The blond in the blond suit looked determined, and not the least bit intimidated, even though David Allan Coe was capable of extreme behavior at the drop of a ten gallon hat. Kinky weighed his options, considered lampooning this barrister, but thought better of it. He was capable of blistering off the cuff remarks but he also knew what a law suit was. We finished the show on a slightly off key note. I don’t know what happened. I figure Kinky finessed things and came out on top. He is good at that. He managed to run for Governor of Texas while writing a few really good books about Willie, Jesus and Coca cola. Hell, he had even played music with Danny Finley so he’s got to be alright.

Drumming for country is pretty easy if you don’t do it right.

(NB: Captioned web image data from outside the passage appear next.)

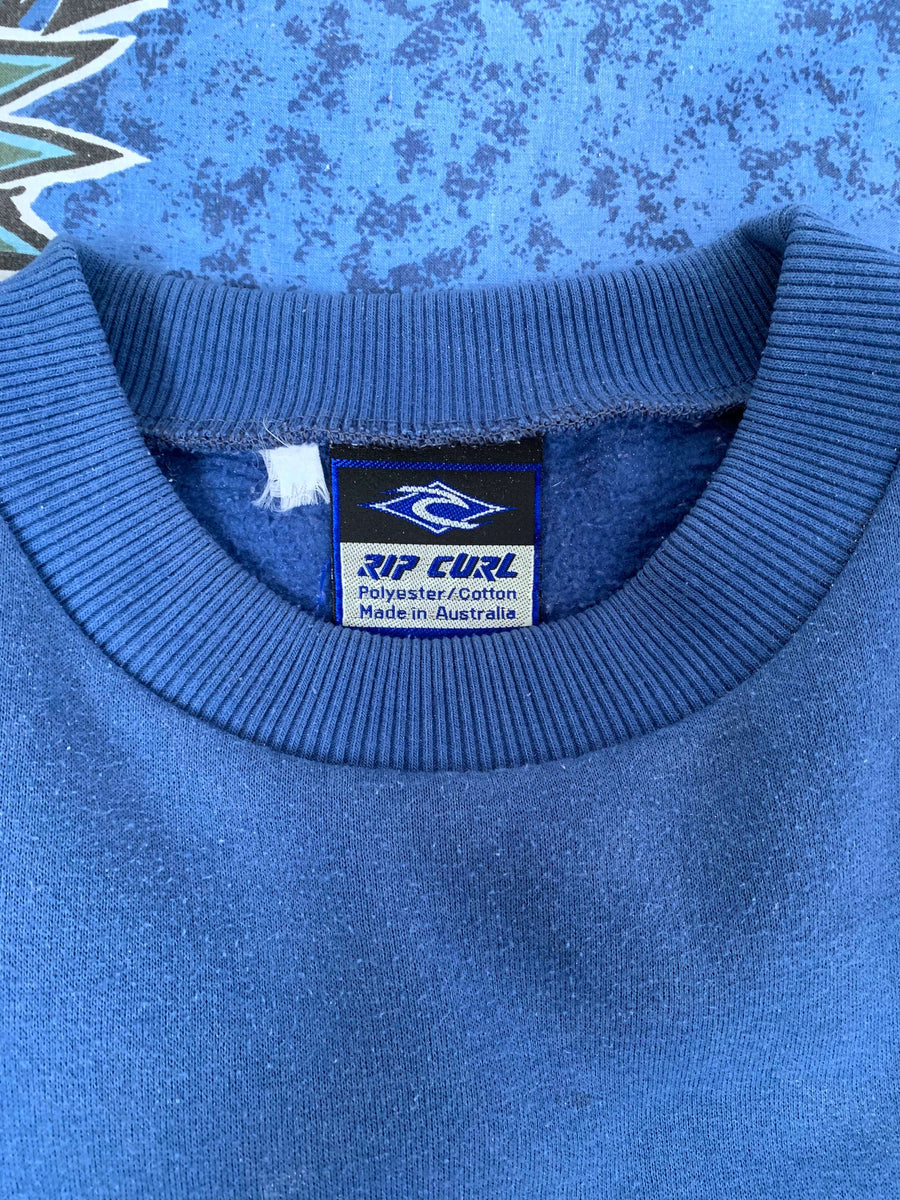 RARE 90S RIP CURL MADE IN AUS. CREWNECK - L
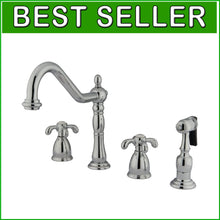 Load image into Gallery viewer, Premium Dual Function Kitchen Faucet with 8-1/4" Spout Reach - Chrome &amp; Brass
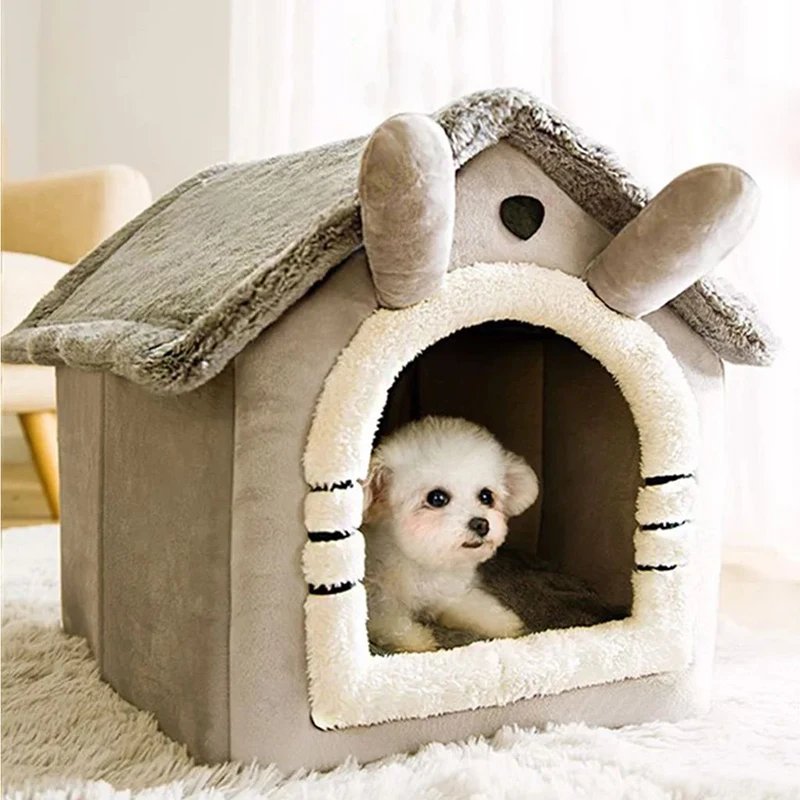Maison d'intérieur chaude et douce pour animaux de compagnie, chenil pour chien, lit pour chat avec coussin parfait, adaptée aux petits, moyens et grands animaux de compagnie, tente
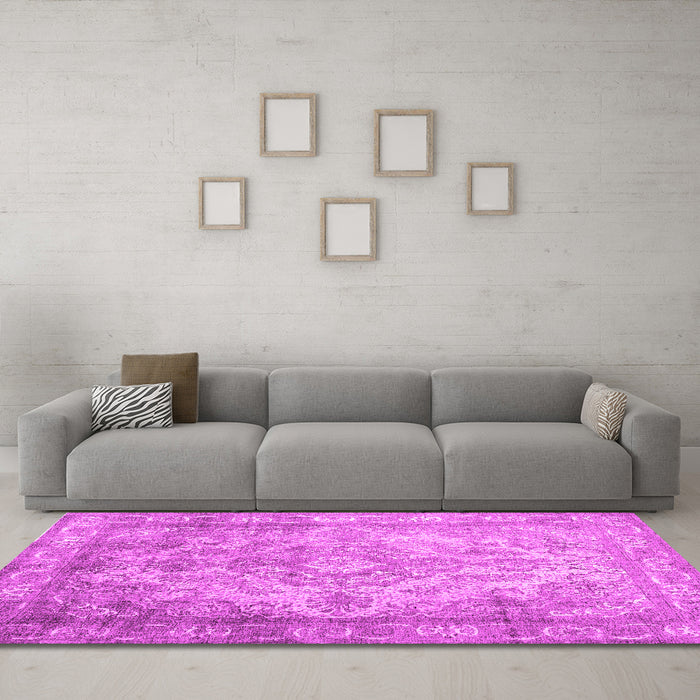 Machine Washable Abstract Pink Contemporary Rug in a Living Room, wshcon601pnk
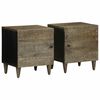vidaXL Comodini 2pz Grigio Chiaro 40x33x46 cm in Legno Massello Mango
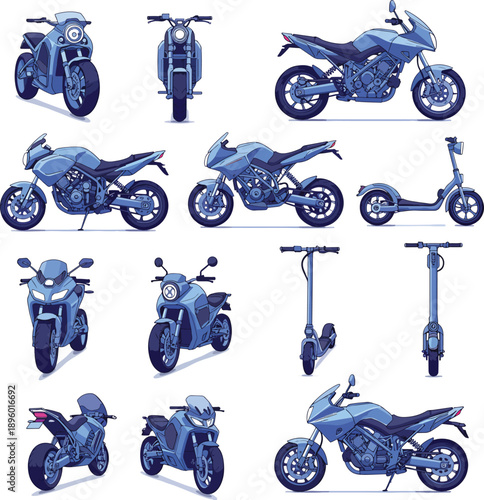 Vector illustration of various motorcycles and scooters from different angles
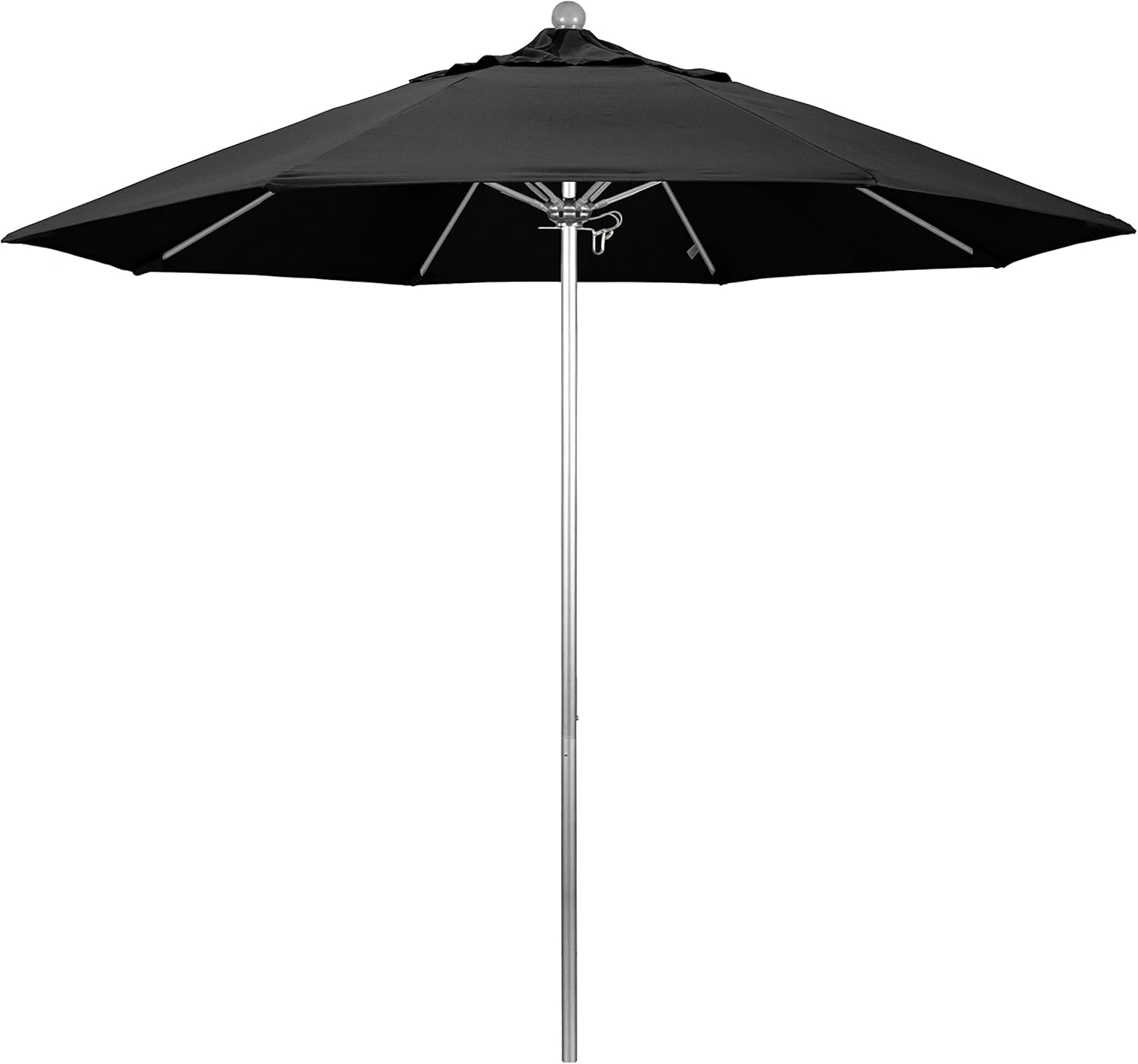 Amazon Com California Umbrella 9 Round Aluminum Fiberglass Umbrella Push Open Silver Pole Olefin Black Fabric Chandeliers Garden Outdoor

It’s just boom chak, boom chak, boom chak, boom chak. But there is great subtlety in the original country beats; they combine swing ala Bob Wills and the Texas Playboys with cooking Rock a Billy train tempos. There are little upbeats that the drummer can put in if they are fast enough. Most of the time, they go unnoticed. But once I was playing with Billie and his father Dorsey Burnett, of the original Rock n Roll Trio, Dorsey was impressed that I knew the little secret up beat Rock a Billy notes. He complimented me on hitting those subtle extra back beats in the right place. Kinky probably noticed too but getting a compliment from him was like a cab driver in New York expecting a good tip. If a drummer is doing it right, they are usually ignored by the other players. But if the drummer makes a mistake, everyone glares at them.  But I might have overstepped my boundaries when I added some rimshots to his quips ala borscht belt comedy. I couldn’t help it. Kinky was a comedian and it was a drummer’s typical reflex action after a cornball remark. I felt like a reincarnated vaudeville drummer. I might have even miscalculated the impact my resume had on him when I told him that Danny Finley had been in the Bethlehem Asylum with me.  They played and cowrote together for some time. But after I mentioned that, Kinky sort of mistrusted me in some existential way. He even named a state trooper character ‘Buddy’ in  one of his books that wasn’t too flattering. I feel so special. I remember the day that Danny called me and told me that he was joining Kinky Friedman and the Texas Jewboys, and what did I think of him changing his name to ‘Panama Red.’
“Just don’t take yourself too seriously.” I advised. I couldn’t think of anything more constructive to tell him. It was sort of a payback since he had described me in the early Bethlehem Asylum promotional material as, “Heaviest when light.” I don’t think I could ever forgive Danny for that description of me which maybe scarred me for life.